There’s a similar story in the final death of the letter thorn (þ) in English <https://en.wikipedia.org/wiki/Thorn_(letter)#Middle_and_Earl...>: imported fonts lacked the character, so people substituted it with y which looked most similar, and that substitution became ubiquitous, and now most people think the first word in “Ye Olde Curiositie Shoppe” is pronounced /jiː/ (“ye”), whereas it was actually just how they spelled “the”, so it was /ðiː/.
It’s a general rule in such technologies: although they make many new things possible, they also damage what was there before.
> Accented letters you mostly couldn’t do at all
Typewriters supported accented letters better than modern keyboards do. I believe on our typewriter either the ' ` and " didn't move you forward, or there was a separate key to move the same space back, so you could basically put any symbol above any letter. Kinda like how LaTeX does it.
> I believe on our typewriter either the ' ` and " didn't move you forward
This is normal for particular characters on non-English typewriters. Those were ‘dead keys’, ‘dead’ because the carriage didn't move. Equivalent keyboard layouts today also have dead keys. Modern dead keys can also be ‘better’, for instance, I'm told Brazil likes the dead ´ to produce á é í ó ú but also ç.
Dead keys unfortunately cannot be used for shortcuts. This has caused a lot of issues when I was using local kb layout. Especially problematic are programs that don't support remapping of shortcuts.
> or there was a separate key to move the same space back
And that key was called Backspace.
Same typewriters that didn't bother having dedicated "0" and "1" keys?

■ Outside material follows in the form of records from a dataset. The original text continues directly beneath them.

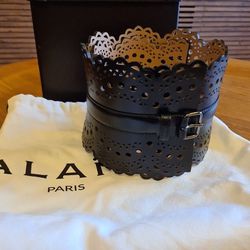 Alaia Laser Cut Leather Wide Waist Belt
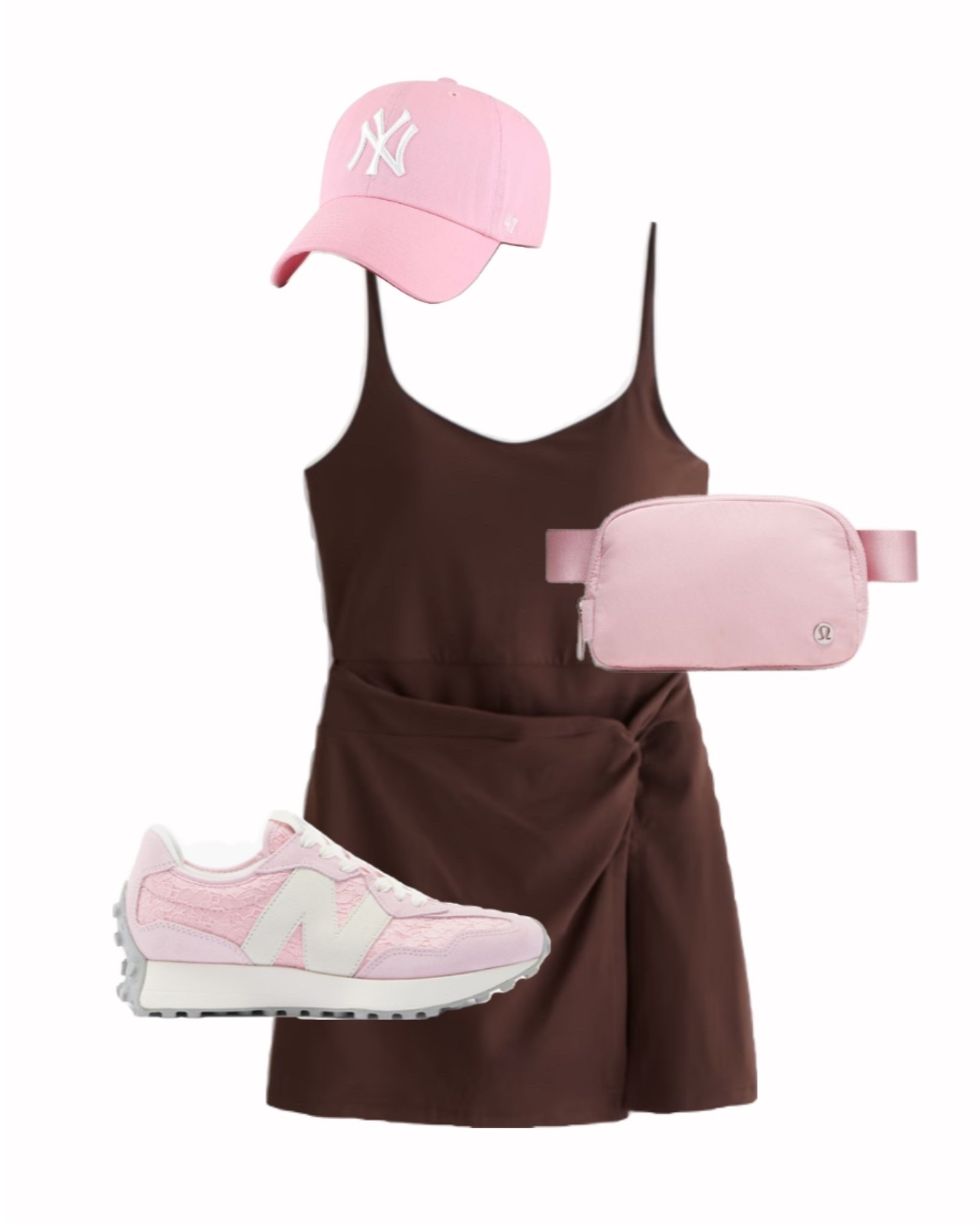 Effortless sporty chic outfit with a soft feminine touch.

neutral sporty outfit, pink sneakers outfit, brown mini dress outfit, casual spring outfit, everyday athleisure look, pink accessories outfit, baseball cap outfit women, lululemon belt bag outfit, new balance pink sneakers, comfy casual outfit, spring weekend outfit, off duty style women, casual chic outfit ideas

#LTKfitnessgoals #LTKActive #LTKSaleAlert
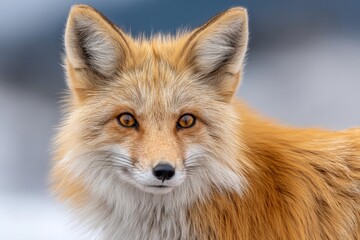 Aufkleber - Beautiful red fox standing calmly in a snowy landscape during winter in a natural habitat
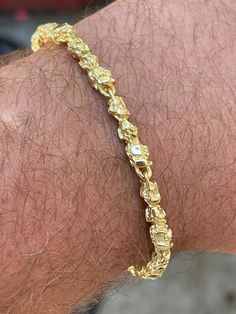 14k Gold Plated Real Solid 925 Sterling Silver Nugget Link Bracelet 7-8.5" Mens | eBay Dope Jewelry Accessories, Nugget Bracelet, Mens Gold Jewelry, Mens Gold Bracelets, Gold Chains For Men, Jewelry Accessories Ideas, Gold Nugget, Dope Jewelry, Jewelry Fashion Trends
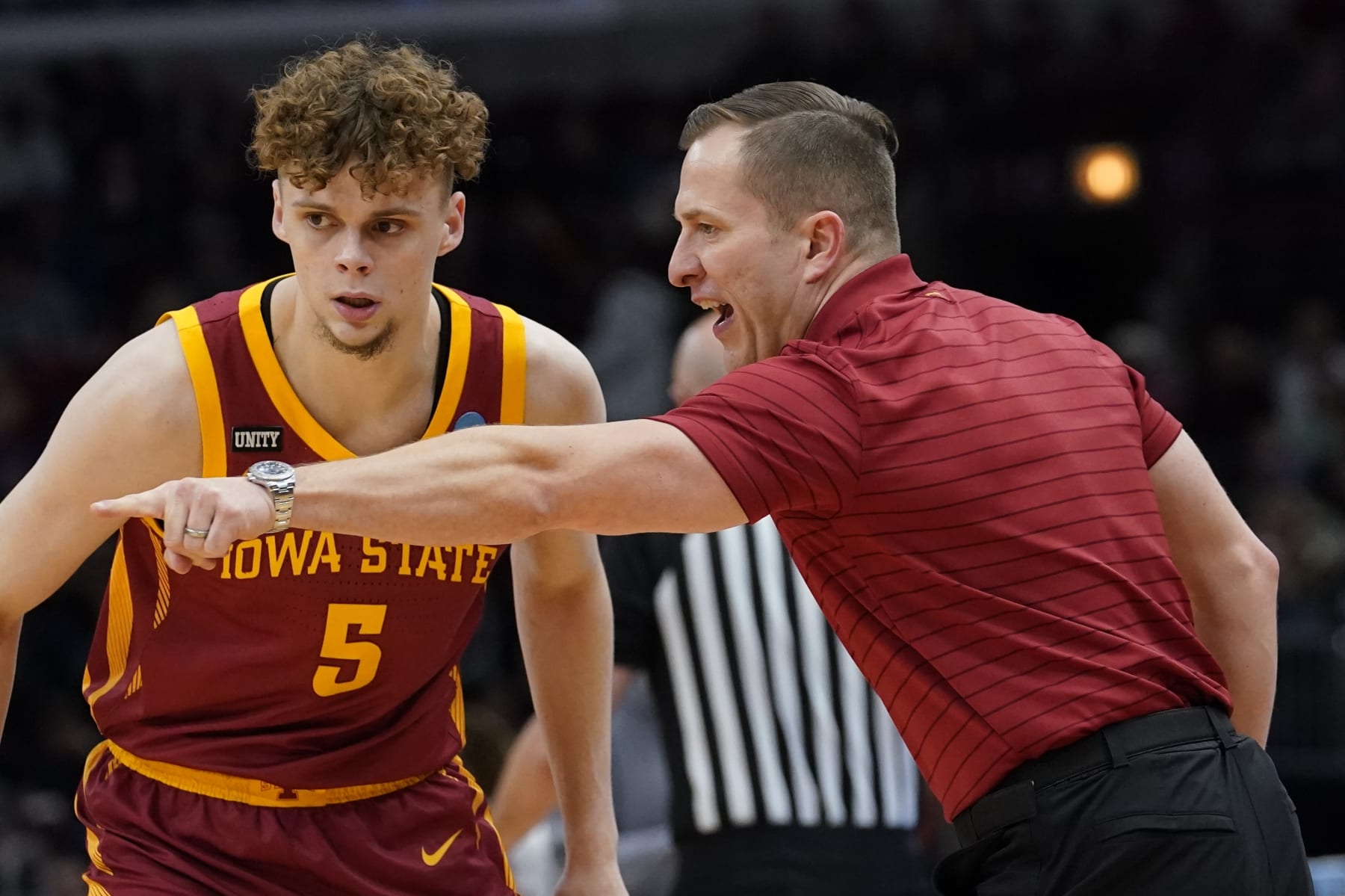 Iowa State's T.J. Otzelberger and Aljaz Kunc (5)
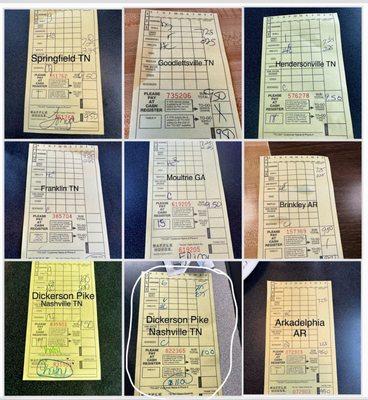 Meal tickets from various WH locations.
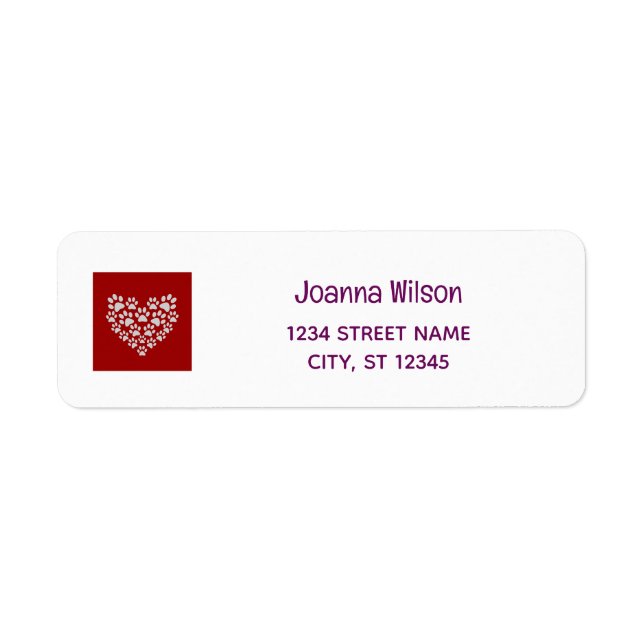 Dog Paws Heart Cute Modern Contemporary Address Label (Front)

Clearly computer have introduced a lot more symbols to the keyboard, but for whatever reason, the em-dash wasn't one of them. Not, at least, as part of the original sets of unmodified and shifted keys. There are more symbols hidden under option and ctrl, but those aren't shown on the keyboard and therefore hard to find and unknown to most people.

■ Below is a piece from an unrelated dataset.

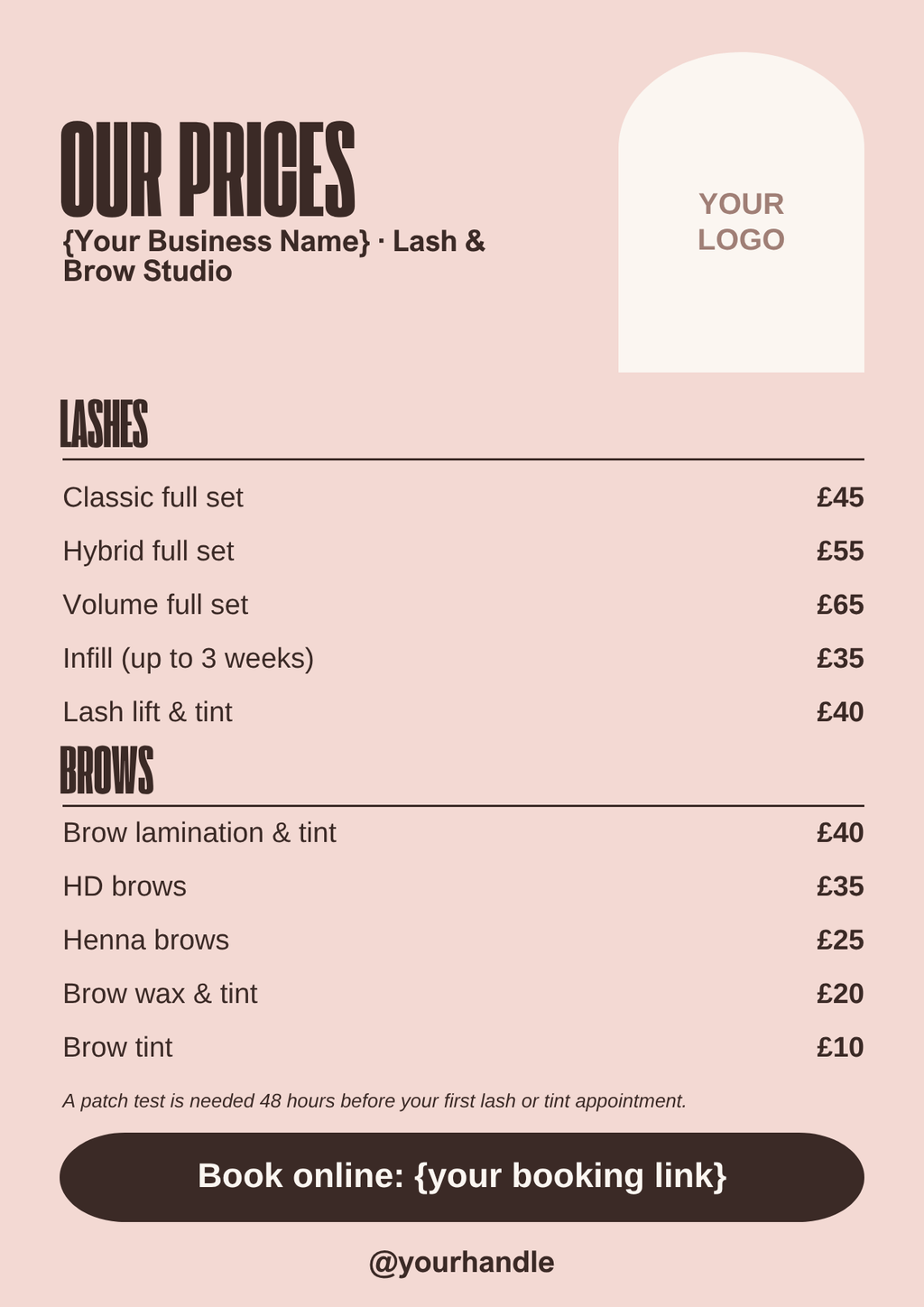 Bold blush lash and brow price list template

> Clearly computer have introduced a lot more symbols to the keyboard, but for whatever reason, the em-dash wasn't one of them
Forms distinguished by width weren’t added to computer keyboards as separate keys because computer keyboards, like typewriters, solidified when computer displays were monospaced. (And, like other forms like proper opening and closing quotes, limited space on the keyboard was a concern.)
computers often insert them for you when you type a normal dash.
I feel like it was Lewis Carroll where I was first exposed to long dashes. I could be misremembering though.
Made me look! 265 in _Alice's Adventures in Wonderland_.
I use em dashes and semicolons and ellipses and parentheses a lot, although I barely make the leaderboard¹. My doctor says I'm human. In the pre-Unicode era of Usenet and mailing lists I used ‘ -- ’ for a long dash.
¹ https://www.gally.net/miscellaneous/hn-em-dash-user-leaderbo...
So how does that feed into the LLM debate?
I think my last sentence does a pretty good job explaining why most people don't use em-dashes online.
So you think the em dash is a good LLM marker?
in typewriters i think you could easily make longer dashes by concatenating shorter ones.